Devo andar muito próximo da nulidade em toponímia urbana. Estou a pensar no início da rua da Casa dos Livros, paralela à do Plano B, um pouco abaixo da Lello, em frente ao estacionamento dos Clérigos. É aí que fica uma enorme loja-armazém, recentemente transformada num concentrado de brinquedos de lata, extintores fora do prazo, atoalhados fixolas, bússolas que funcionam e apontam o Norte, bússolas que funcionam à sua maneira apontando o Sul, máquinas de escrever, bonecos, caixas de madeira, cinzeiros, louças, quadros, molduras, guardadores de rebanhos de fotos amarelecidas e outras
coisas em forma de assim. Tudo muito arejado e com lugar para existir, que o espaço é generoso e as janelas são do tamanho do século XIX, daquelas que se projectam em quadriculados de luz e sombra, invadindo suavemente chão, objectos e gentes, com quem se poderia jogar ao galo. Atrás do balcão palavras simpáticas do tempo e do trânsito, independentes dos dinheiros gastos e de estarmos em quase dois mil e oito, ano da graça das senhoras, dos senhores,
etcetera.
*
Por muito que isto irrite as cassandras do costume e sem pretender que tudo vai bem no melhor dos mundos possíveis, mesmo que a observação esteja sujeita aos humores de uma tarde bem passada, tenho a ideia de que nem tudo corre para a morte, nesta cidade.
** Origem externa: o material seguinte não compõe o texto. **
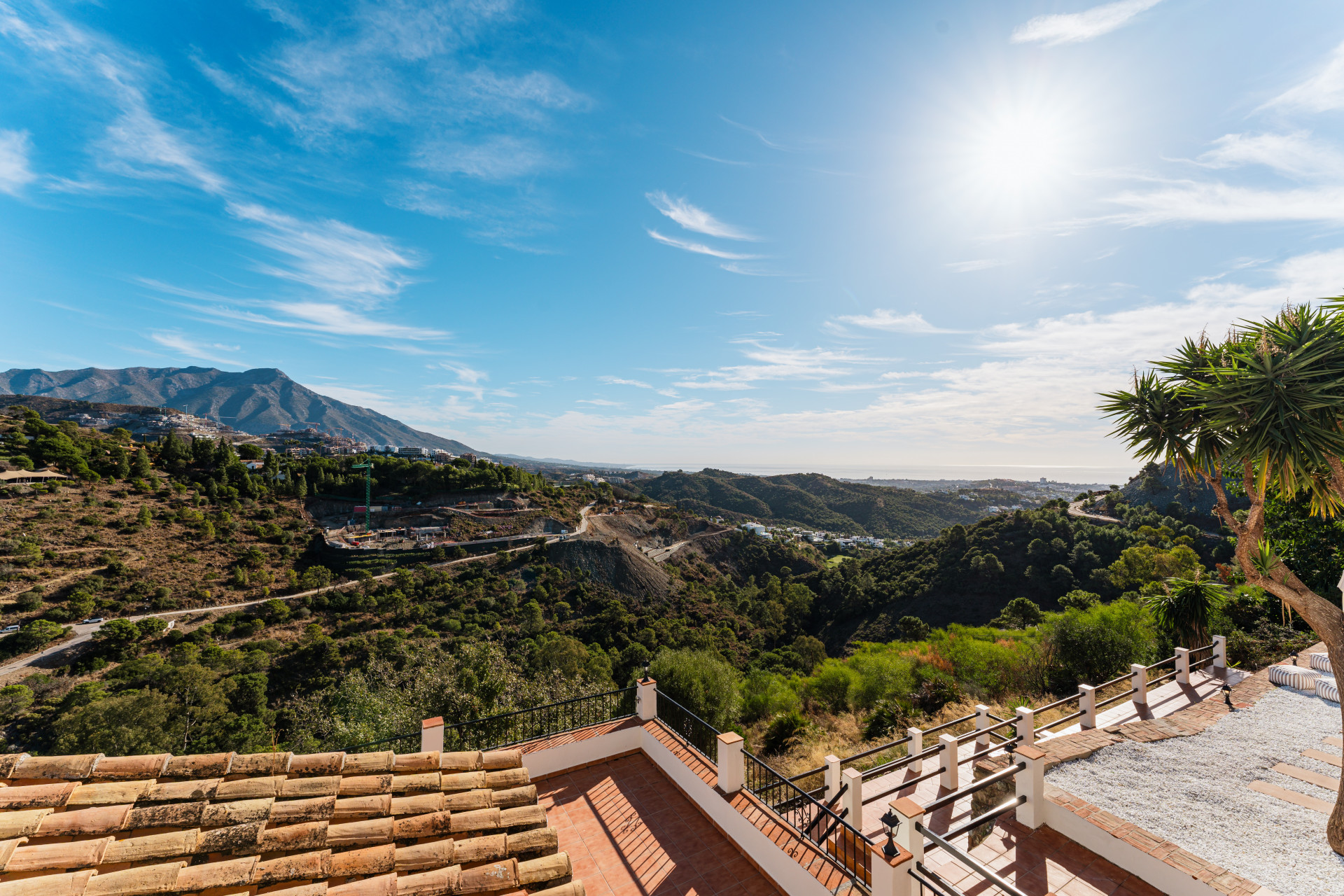 Image 59: detached villa For sale, Benahavís, €2,995,000 [HFM-C40223]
Uma certa espécie de bares (o conceito que vem substituir os antigos cafés, que pertencem realmente ao passado), galerias, lojas que não vendem mais do mesmo, requalificação de espaços públicos, recuperação de alguns quarteirões para habitação. Sem politiquices e agendas armadilhadas: já cá vi tudo muito mais condenado.
[Edit]
Esqueci-me de que tinha trazido um recibo, preenchido à mão com duplicado por artes de uma folha de papel-químico. Falei da 'Fábrica e Armazém das Carmelitas', na rua delas.